Brooks Laich, a forward for the NHL’s Washington Capitals, recently claimed that he doesn’t “care about all that [concussion] awareness crap…This is what we love to do, guys love to play, they love to compete… How can you take that away from somebody?… We accept that there are going to be dangers when we play this game…sometimes it feels as if we’re being babysat a little too much.” The old guard of each sport cry out against what they perceive as the ‘wuss-ification’ of the league. Don Cherry’s first “Coach’s Corner” segment of the season played a highlight reel of crushing hits by former NHL star Scott Stevens, and Cherry asked how many games he would be suspended in with today’s new rules. As the clips rolled, Cherry ranted, “Hall of Famer, we used to love this guy, we used to say ‘what a hitter’… How many games would you give him for this [hit]? Enjoy this folks, because you’re never ever gonna see it again. Never… It’s ridiculous, what they’ve done. The players will not hit. Guaranteed!” This profusion of passionate admiration came in a response to clips of hits that left the opposing players lying on the ice, dazed, and, most likely, concussed. In fact, one of the clips showed a hit that ended the career of the recipient.

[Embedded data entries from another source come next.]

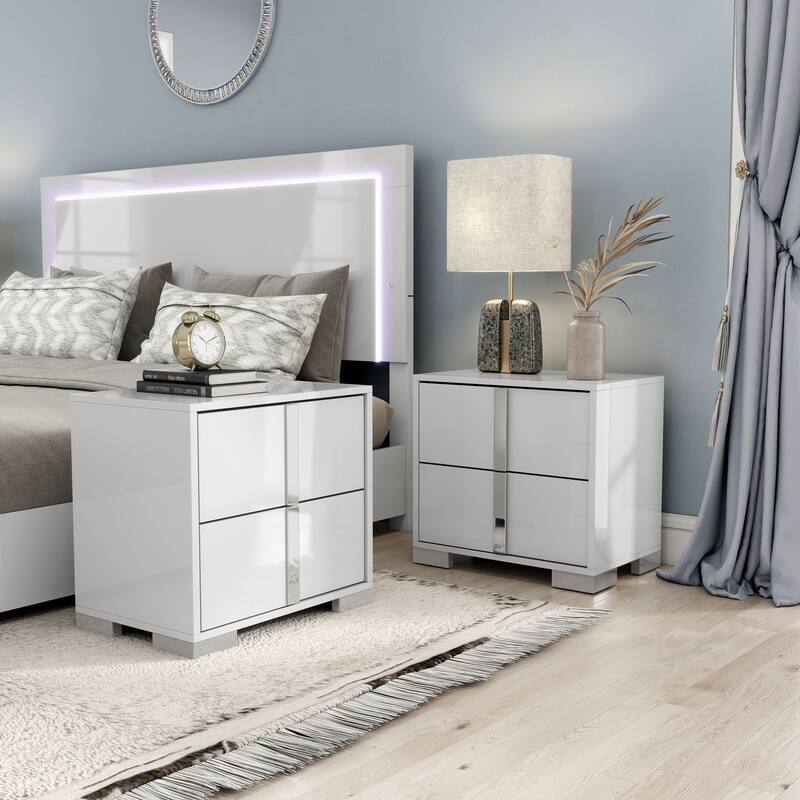 Furniture of America Erina Modern Glossy 2-drawer Nightstand (Set of 2) - White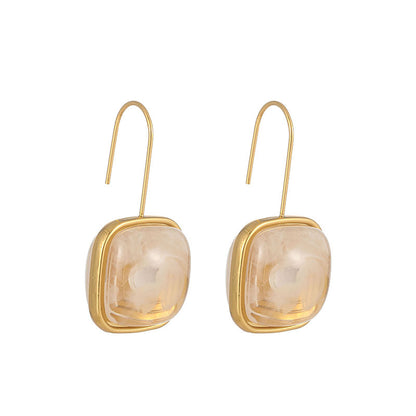 Earrings Gold Plated Steel with resin-EA353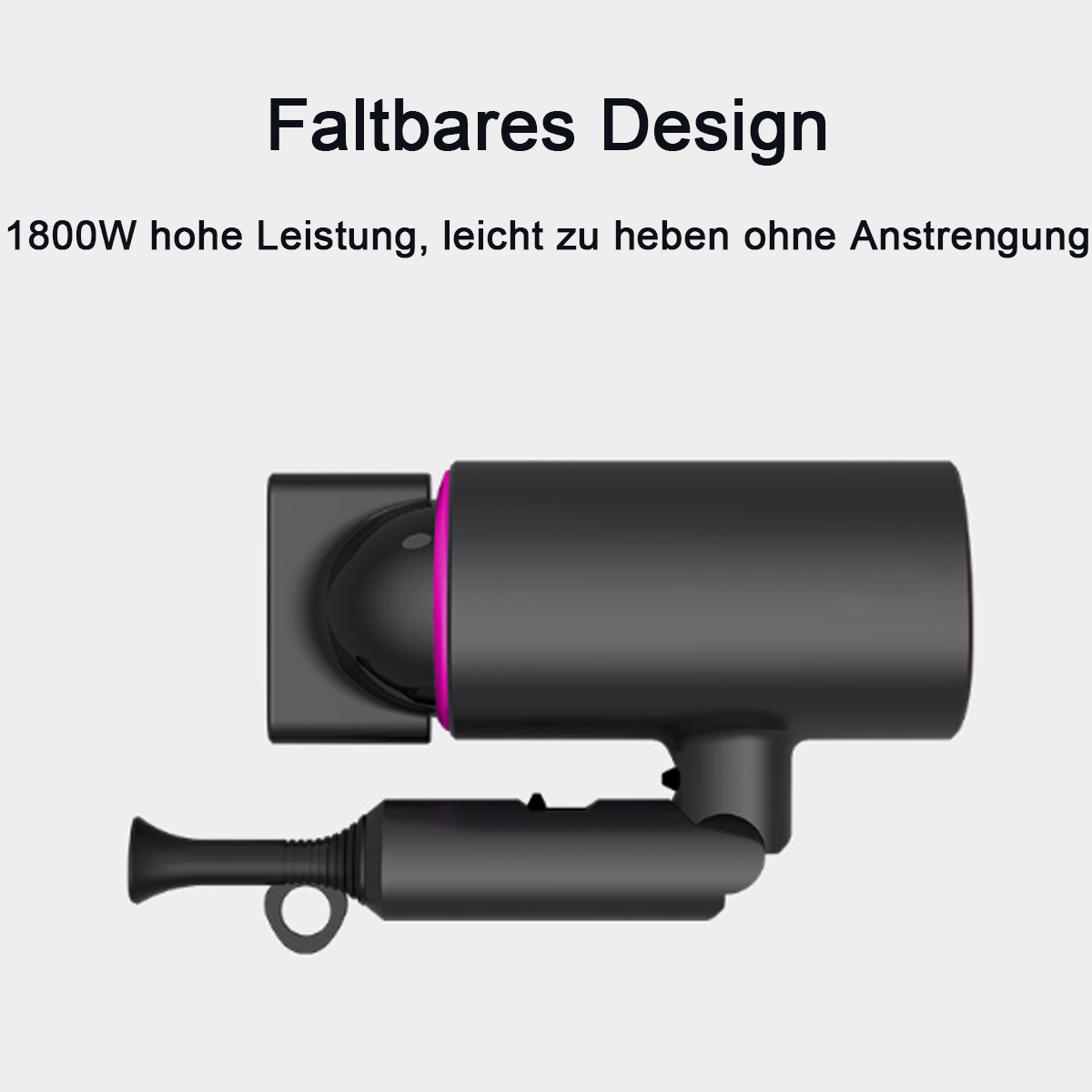 Schwarzer Haartrockner mit rosa Akzent. Text: faltbares Design, 1800W Leistung, leicht zu heben.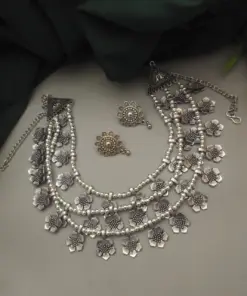 TAVISHA Oxidized Floral 3-Layer Necklace Earrings Set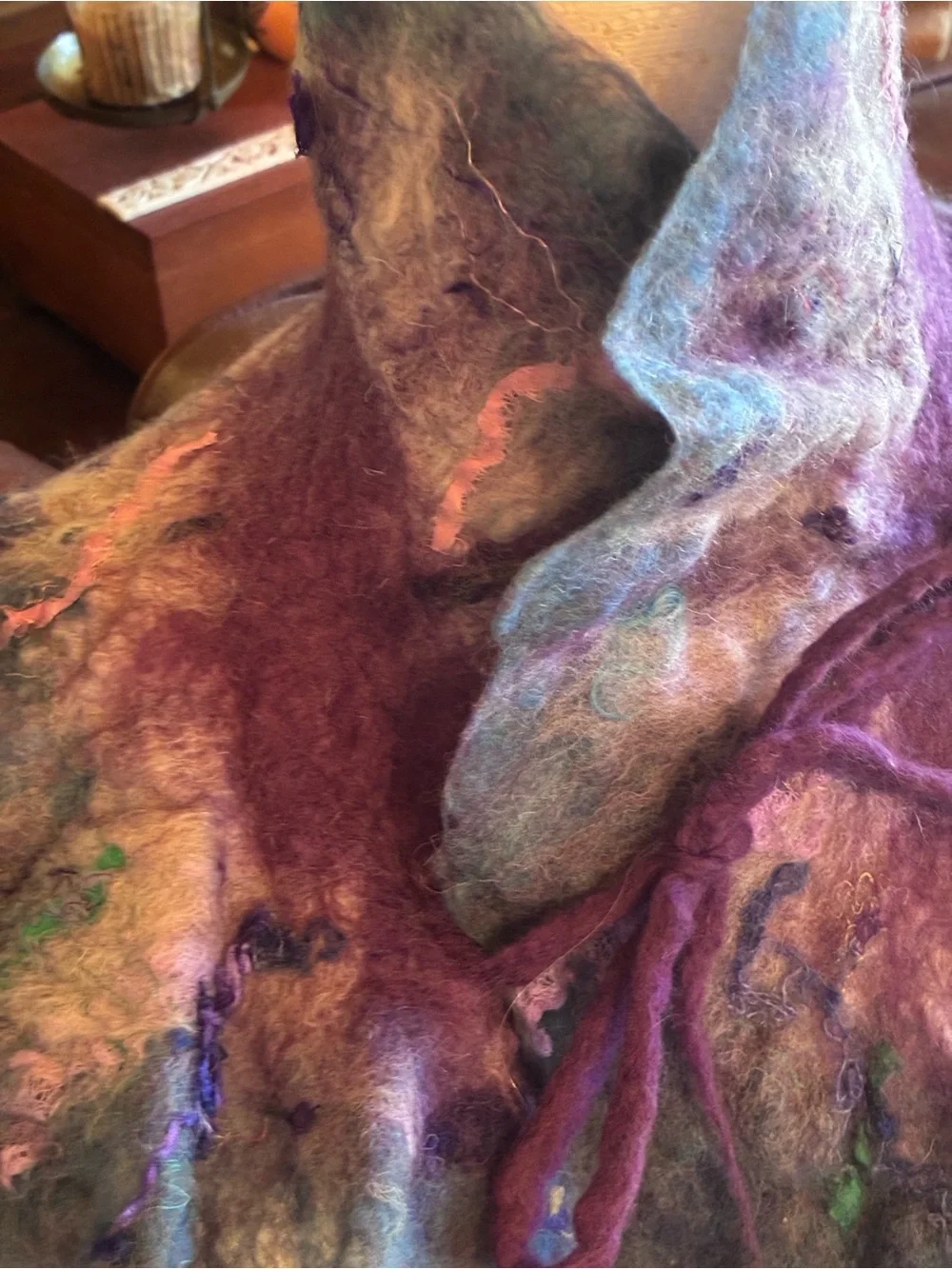 Handcrafted Purple & Blue Felted Neck Warmer by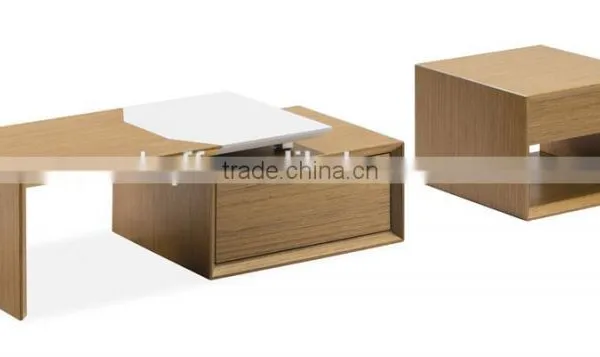 CT-32 ET-32 Stainless Steel Wood Modern Coffee Table photo-2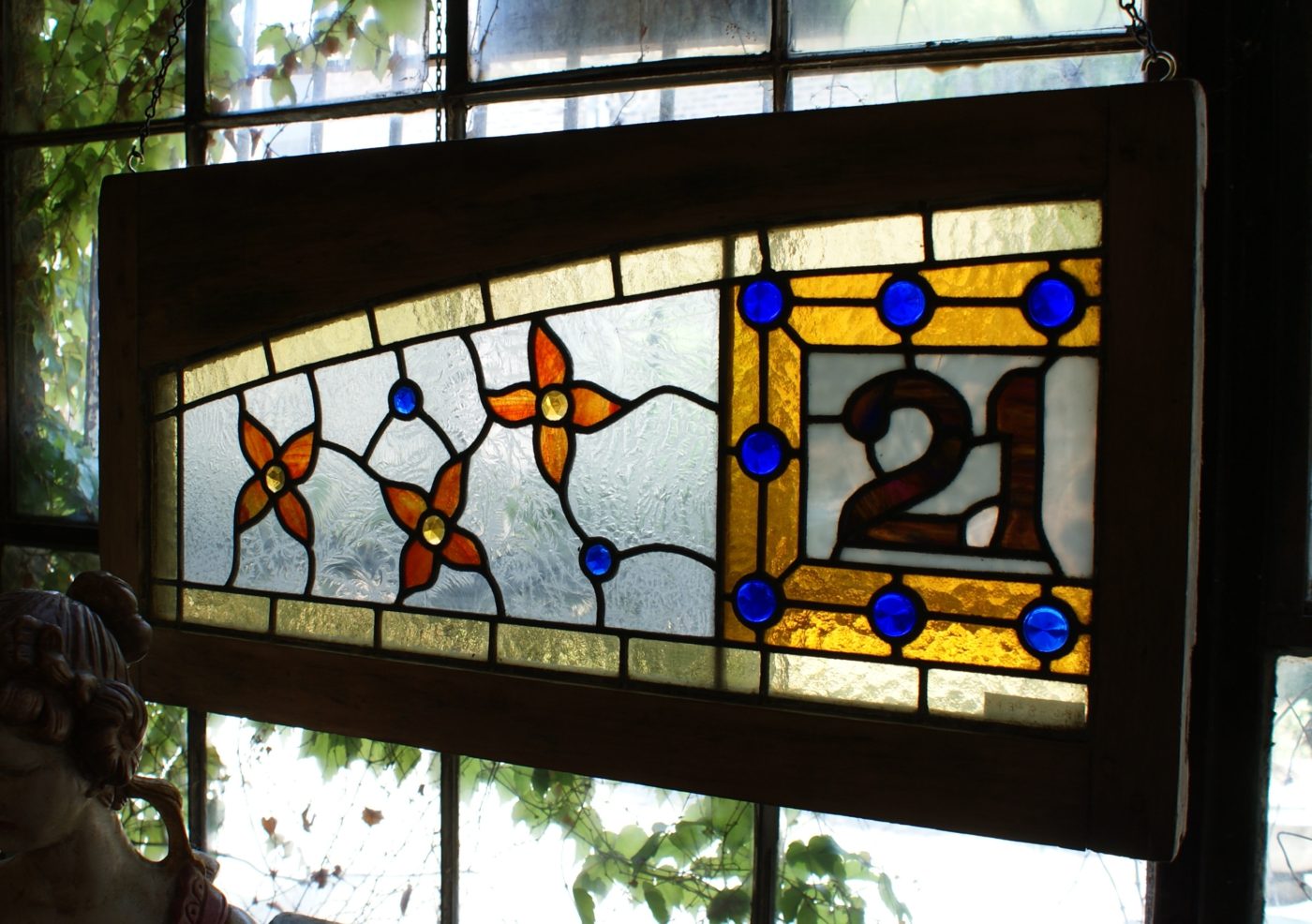 Half Transom Stained Glass w Flowers and 21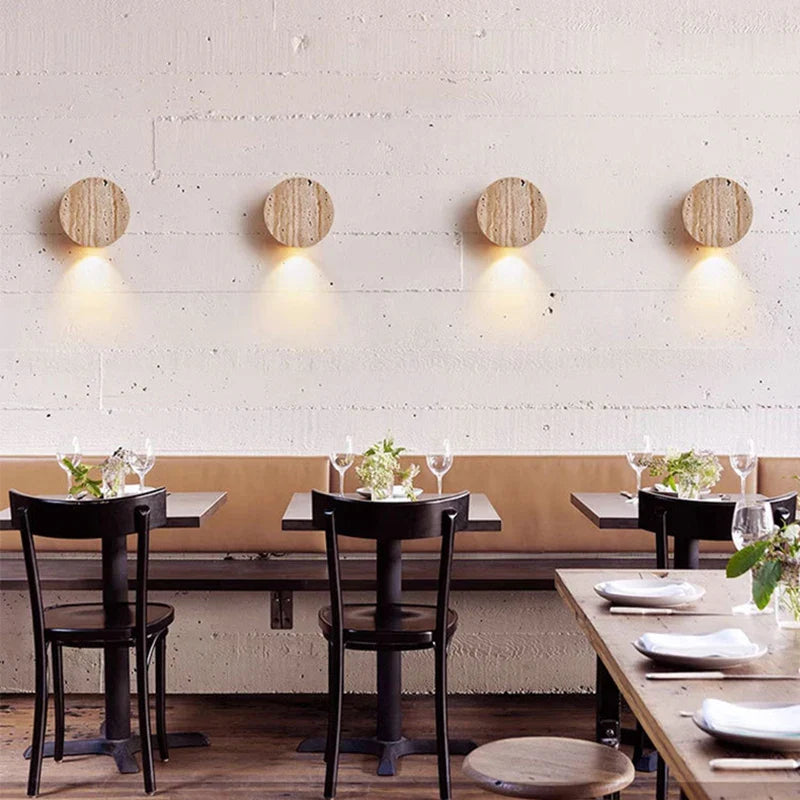 Axyaa Round Stone LED Wall Light for Atmosphere Art Decor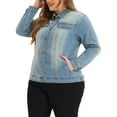 thumbnail image 4 of Agnes Orinda Women's Plus Size Jean Jacket Stitching Button Washed Denim Outerwear Coat 4X Light Blue, 4 of 8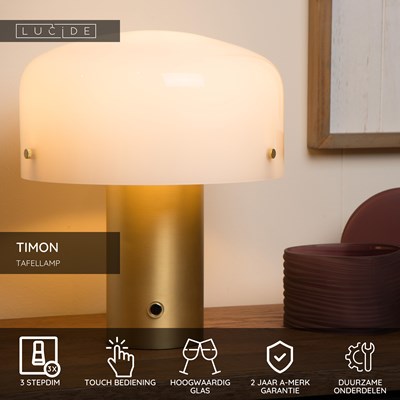 Lucide TIMON - Tafellamp - 1xE27 - Mat Goud / Messing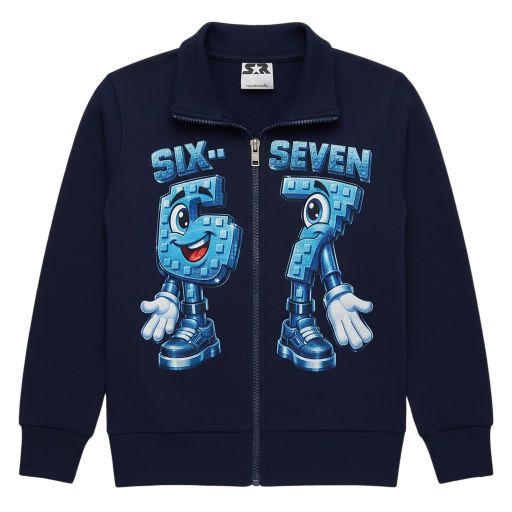 Детски тъмносин суичър с цип Six Seven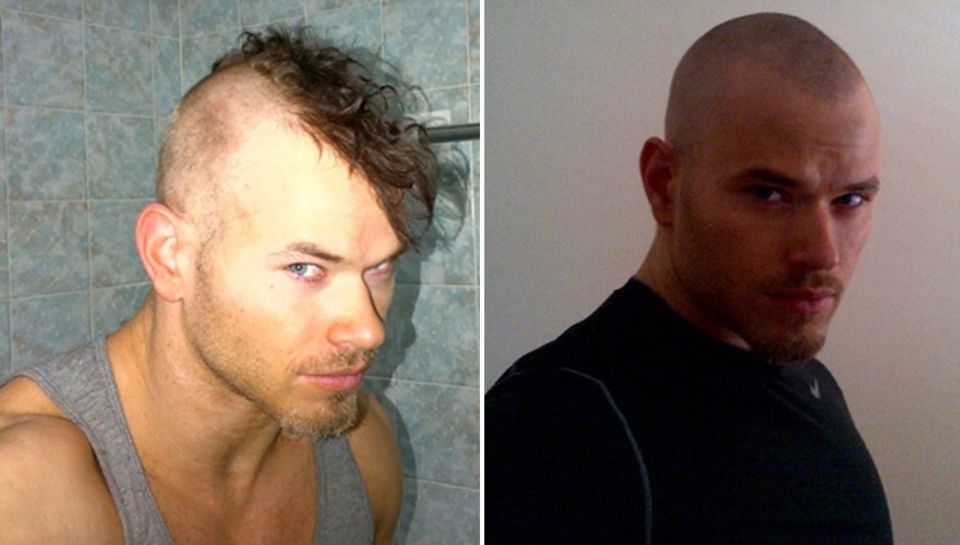 Auf den Mohawk (links) folgte kurze Zeit später die Glatze. Die Meinungen seiner Fans spalten sich in Anbetracht der neuen Frisu Auf den Mohawk (links) folgte kurze Zeit später die Glatze. Die Meinungen seiner Fans spalten sich in Anbetracht der neuen Frisu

He’s right, though, about one thing: the fans and both leagues were in full support of dangerous hits, creating a big hit fetish that was instilled into the players’ psyche. They’ve now turned their back on hits because of the pressure they receive in today’s hyper-aware, safety conscious culture. Right now, the players are struggling to adapt to the limits that have been put on their style of play and the way they were trained to play the game. The NHL and NFL will continue to fight these issues, but they won’t be wiped out of the game for quite some time, at least not until the first generation of players who have grown up in this new, safety conscious reality reach the pros.